Monday, Feb. 12, 1979

Now It Is "Yankee, Don't Go!"

Europe's new worry is that U.S. firms are cutting back

"Fifteen years from now, it is quite possible that the third industrial power just after the United States and Russia will not be Europe but American industry in Europe."

When he made that famous forecast in The American Challenge a decade ago, the French publisher and pop economist Jean-Jacques Servan-Schreiber voiced a familiar European fear: that U.S. industry, armed with a strong dollar and high technological and marketing prowess, was rapidly turning Western Europe into a sort of American commercial romper room. So much for that worry. What now seems to rouse European passions is not the threat of a Yankee invasion but the prospect of a disruptive retreat.

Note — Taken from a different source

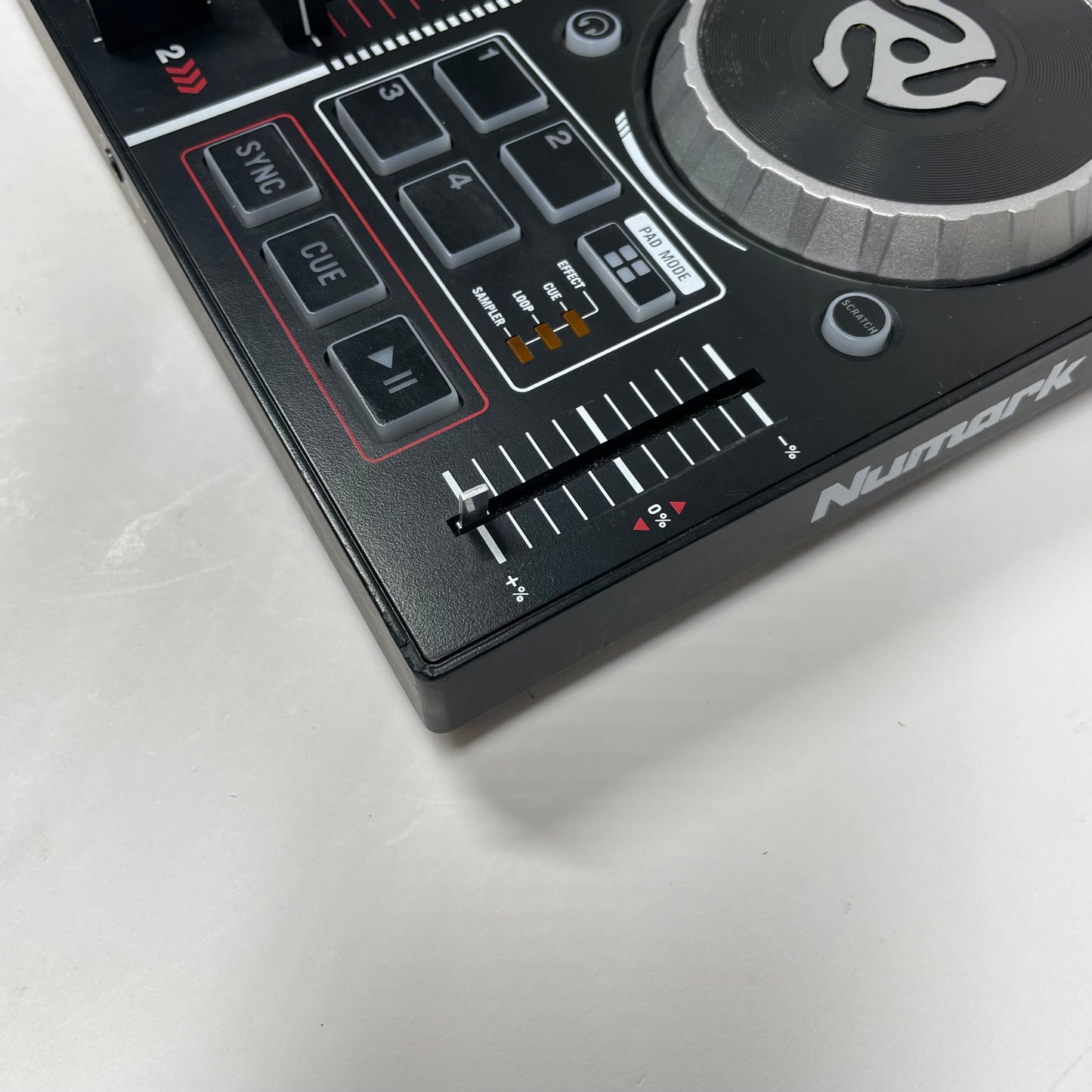 Numark PARTY MIX 2-Channel DJ Mixer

Though many U.S. companies have in fact been quietly cutting back their European operations for some years, the specter of a wholesale pullout was not raised until last summer. Then, Chrysler Corp. abruptly announced that it was selling its European business to France's Peugeot-Citroen for $430 million in cash and stock in the French company. Since then, alarmist charges have regularly bobbed up in Europe's press. "The American multinationals are deserting," warns a French economic weekly. "U.S. business is at ebb tide," declares a Belgian magazine.

Indeed, the Chrysler pullout has been followed by a tattoo of smaller but no-less-widely reported U.S. retrenchments. Two weeks ago, employees at an RCA semiconductor plant employing 438 workers near Liege, Belgium, began picketing with placards attacking the company--not for being part of the American challenge but for deciding to leave. Faced with rising costs, RCA decided to shut down the plant because it was not competitive with the company's other semiconductor plants, including one in Malaysia. B.F. Goodrich, struggling for profits in an overcrowded tire market, closed a West German plant 19 months ago, and is now considering selling all its rubber-making interests in Europe. At ITT's Brussels headquarters, upwards of 60 employees, ranging from secretaries to $125,000-a-year division chiefs, were axed from the payroll the week before Christmas. The company's European food and cosmetics holdings have been put up for sale.

What is actually happening is not an American bug-out at all, but an on-the-scene retrenchment process that European firms are also undergoing. But because the American companies are so large and visible, their pruning is getting much attention. In fact, the U.S. business presence in Europe remains huge. Last year American firms rang up more than $220 billion in sales, accounting for fully 10% of all European manufacturing activity.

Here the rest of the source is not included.